(Beginning of Information provided)

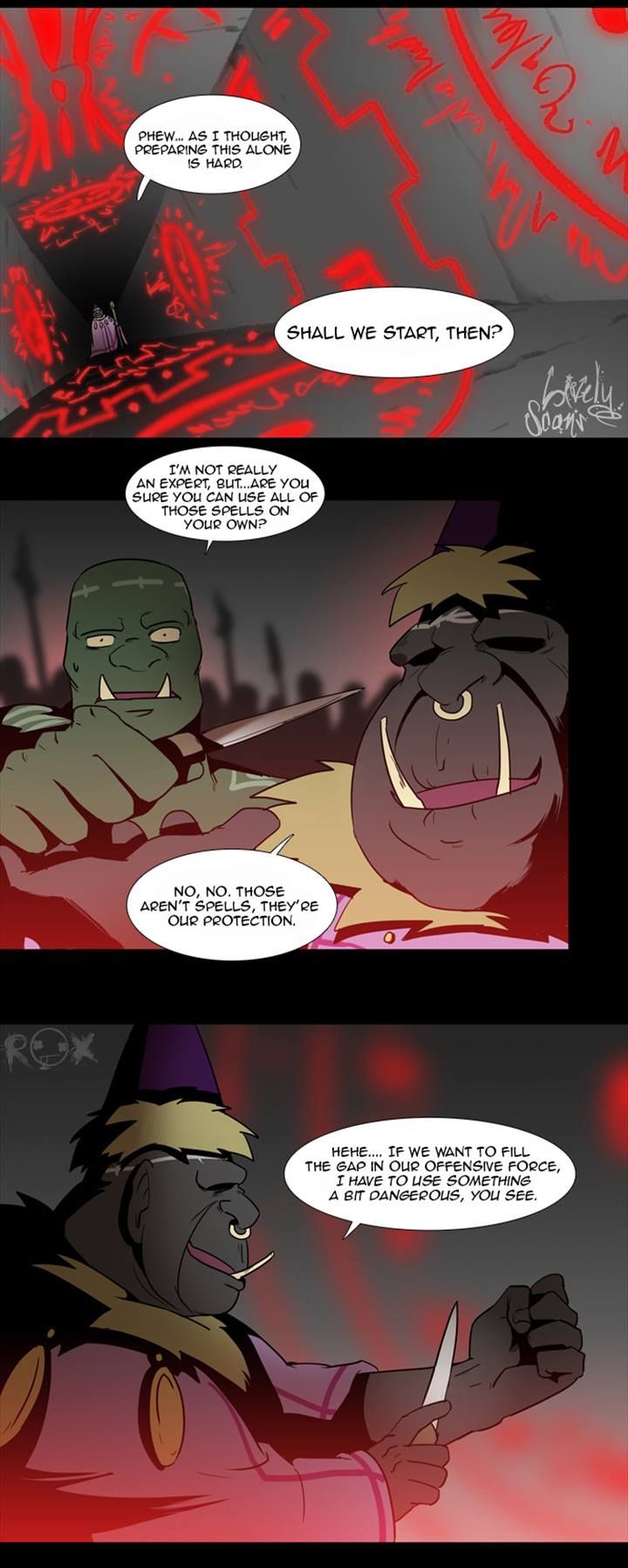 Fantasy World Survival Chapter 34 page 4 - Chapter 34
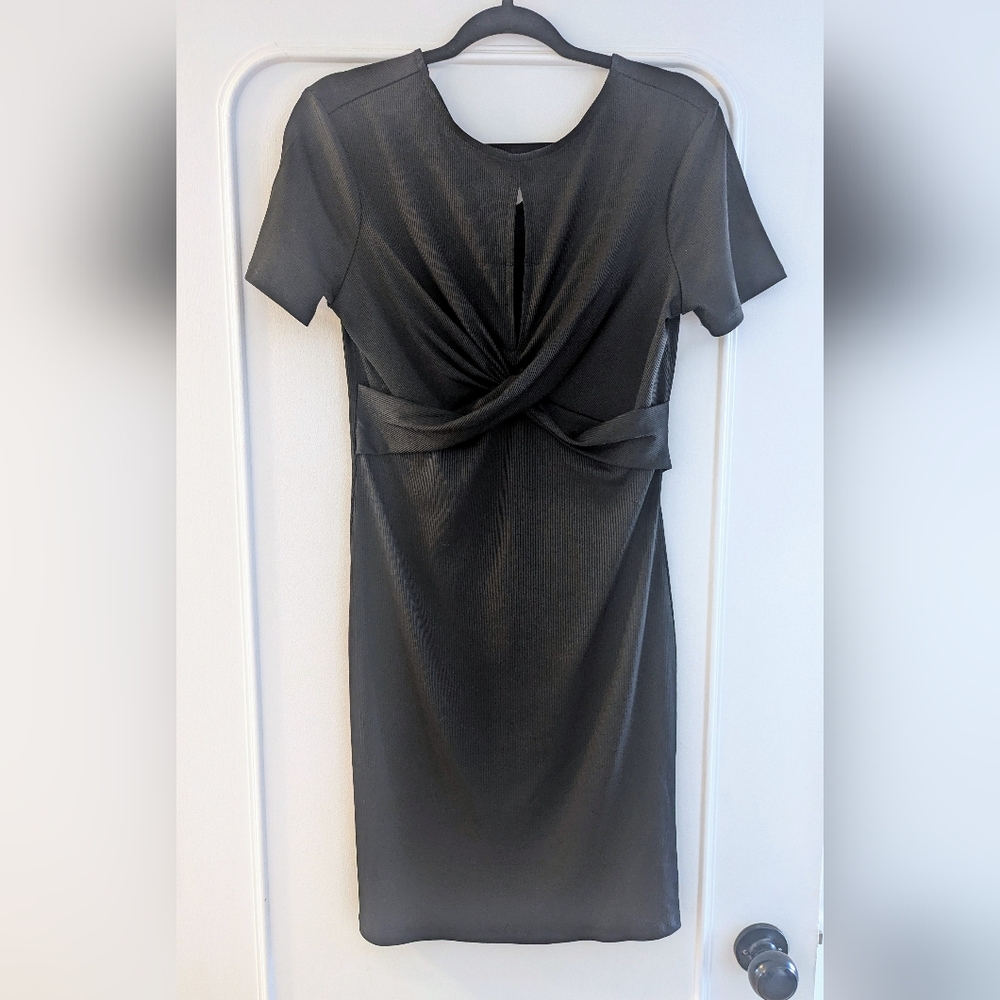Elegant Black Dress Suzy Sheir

(End of Information provided)
(Beginning of Information provided)

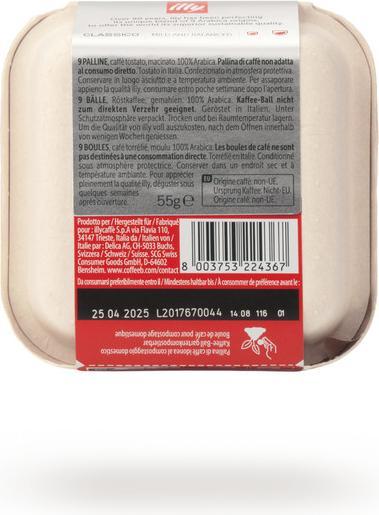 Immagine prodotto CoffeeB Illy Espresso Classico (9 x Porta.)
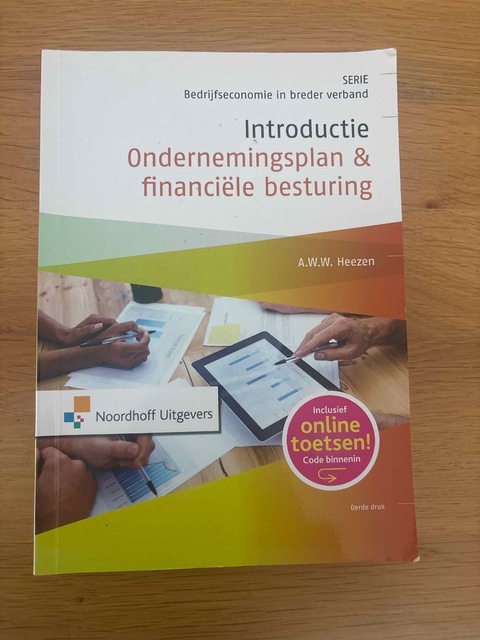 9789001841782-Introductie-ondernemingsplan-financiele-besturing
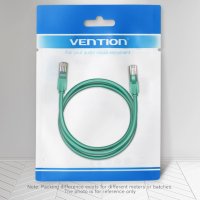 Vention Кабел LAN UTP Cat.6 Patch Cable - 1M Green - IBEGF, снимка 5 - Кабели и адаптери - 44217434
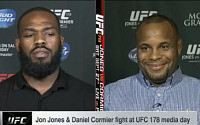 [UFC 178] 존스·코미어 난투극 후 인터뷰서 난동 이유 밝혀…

(End of Information provided)

Leaving every picture aside, reproduce exactly the lines above from the one with "Fantasy World Survival" up to and including the one with "Elegant Black Dress Suzy Sheir", and no others.

 Fantasy World Survival Chapter 34 page 4 - Chapter 34
Elegant Black Dress Suzy Sheir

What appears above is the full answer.